Hamed left prison on 4 September 2006 after serving 16 weeks, and was placed under Home Detention Curfew for the remainder of his sentence, monitored by an electronic tag. After a recommendation from the Honours Forfeiture Committee, he was stripped of his MBE on 12 December 2006. At a jury trial in March 2008, Anthony Burgin was cleared of dangerous driving in relation to an incident on 19 April 2007 involving Hamed's wife Eleasha.

==Legacy and influence==

Hamed was only 21 when he became the world champion by beating Steve Robinson in September 1995; two days later, Oasis released their album (What's the Story) Morning Glory? I always thought there was a neat symmetry between the two events. For while Hamed rode sidecar to the Cool Britannia era rather than sitting in the driver's seat, his attitude was a snug fit for the times: cocky and swaggering, impervious to self-doubt.
— —Sean Ingle in The Guardian on Hamed's prominence in 1990s UK pop culture.

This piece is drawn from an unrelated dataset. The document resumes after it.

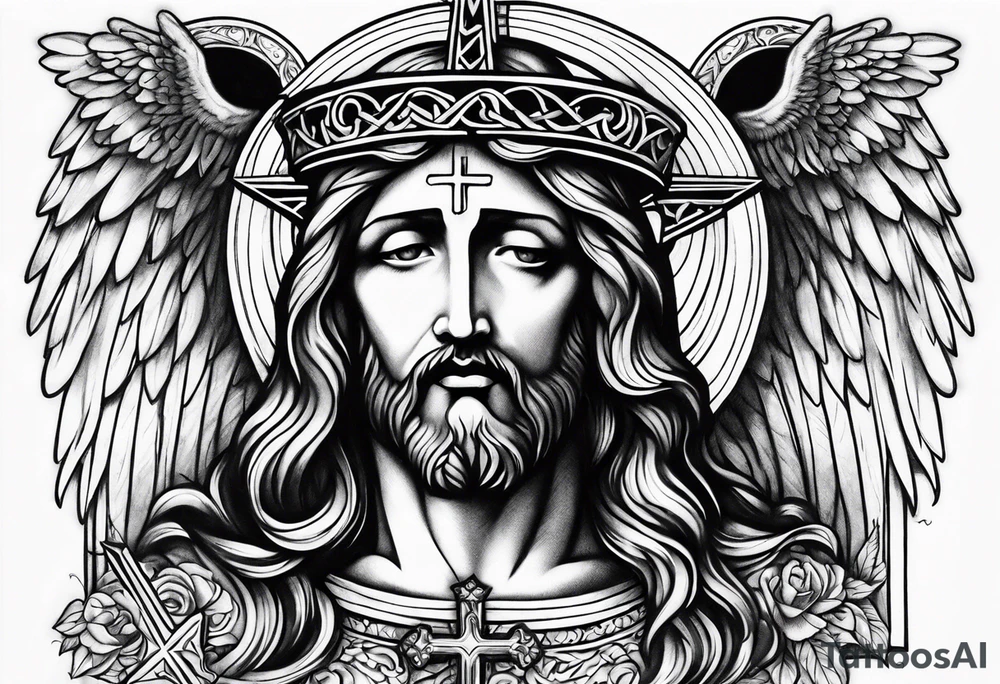 cross with jesus and angels tattoo idea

Hamed's boxing career was seen by many experts in the sport as one of massive potential. Frank Warren, the boxing promoter, once said of Hamed: "I think at one stage he was the most exciting fighter that I'd ever been involved with. At one stage, in the early part of his career, he could have gone on to become one of the great fighters. But that disappeared when he didn't fight as regularly as he should have done, when he was cutting corners on his training. It just didn't work out for him from that point on."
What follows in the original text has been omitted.